Endoplasmic reticulum (ER) stress triggers activation of the ER surveillance (ERSU) pathway— a critical protective mechanism that transiently halts cortical ER inheritance to daughter cells and arrests cytokinesis by septin ring subunit Shs1 re-localization to the bud scar in response to ER stress. Once ER functional homeostasis is re-established, cells resume normal cell cycle progression; however, the molecular circuitry linking ER integrity to cell cycle regulation has remained largely unresolved. Here, we show that ER stress selectively disperse Bud2, a GAP for Bud1/Rsr1, severing its canonical role in cell polarity while integrating it into ER homeostasis signaling. Bud2 dispersion results in accelerated spindle pole body (SPB) duplication, spindle misorientation, defects in nuclear migration, and genome segregation errors under ER stress.
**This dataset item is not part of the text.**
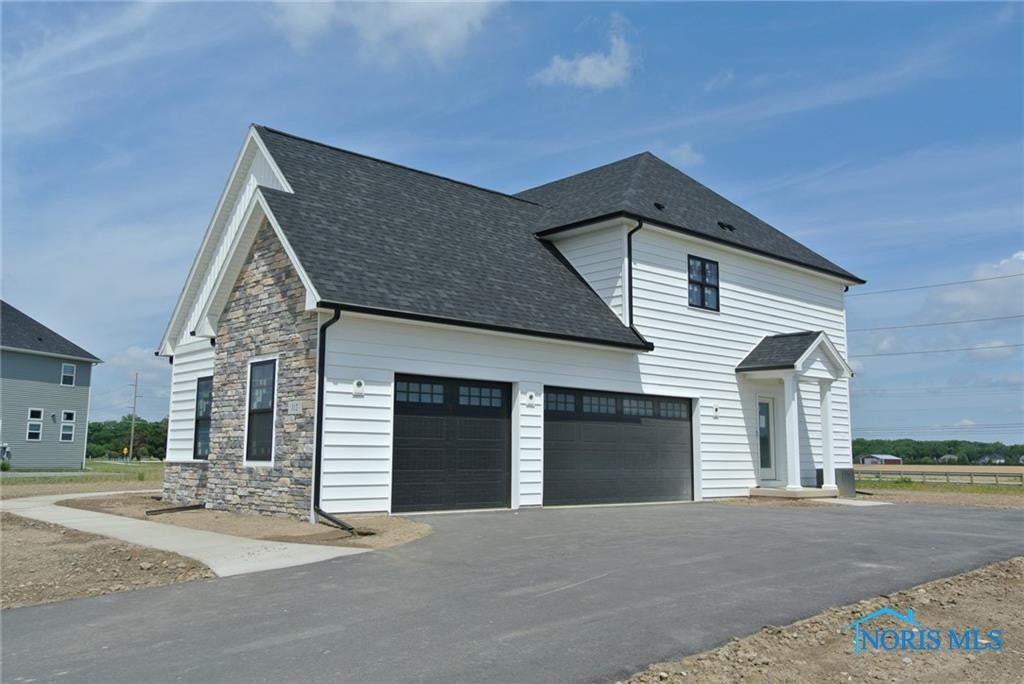 112 Waverly Point Road Perrysburg, OH 43551 - Photo 4 of 19 Photo 4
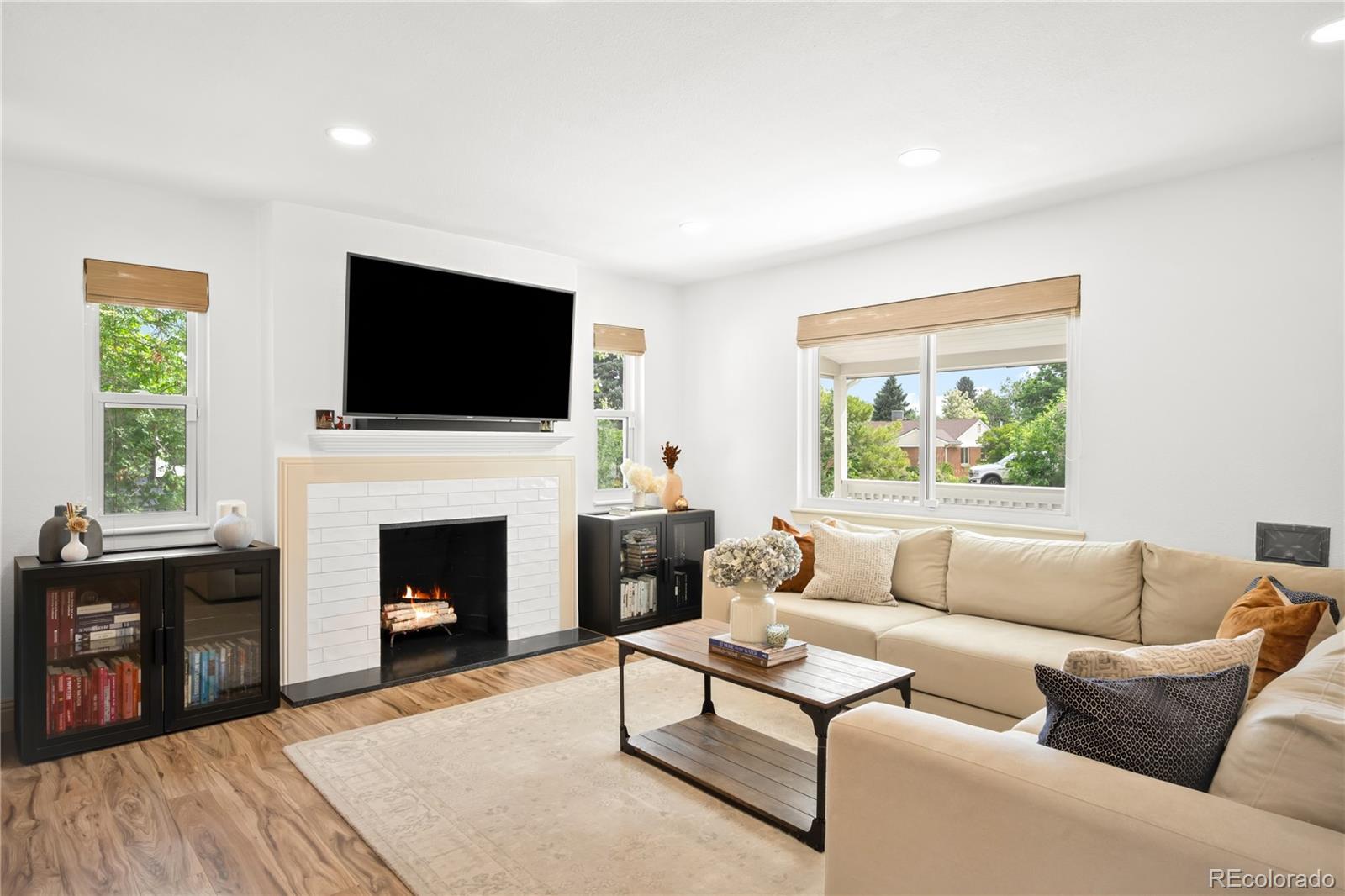 MLS Image #10 for 3351 s dahlia street,denver, Colorado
Strikingly, a C-terminal truncation of Shs1 ( shs1-ΔCTD ) recapitulated the ER stress–induced dispersion of Bud2 phenotype even in the absence of ER stress, and delayed cell-cycle re-entry after ER homeostasis was regained—despite normal occurrence of typical ERSU hallmark events. Notably, Bud2 overexpression rescued the growth defects of shs1-ΔCTD mutants after ER homeostasis was re-established. Collectively, our findings reveal a new mechanistic axis whereby ER integrity coordinates organelle inheritance, cytoskeletal organization, and nuclear division via selective control of Bud2 and Shs1, establishing a direct regulatory bridge between ER status and mitotic fidelity.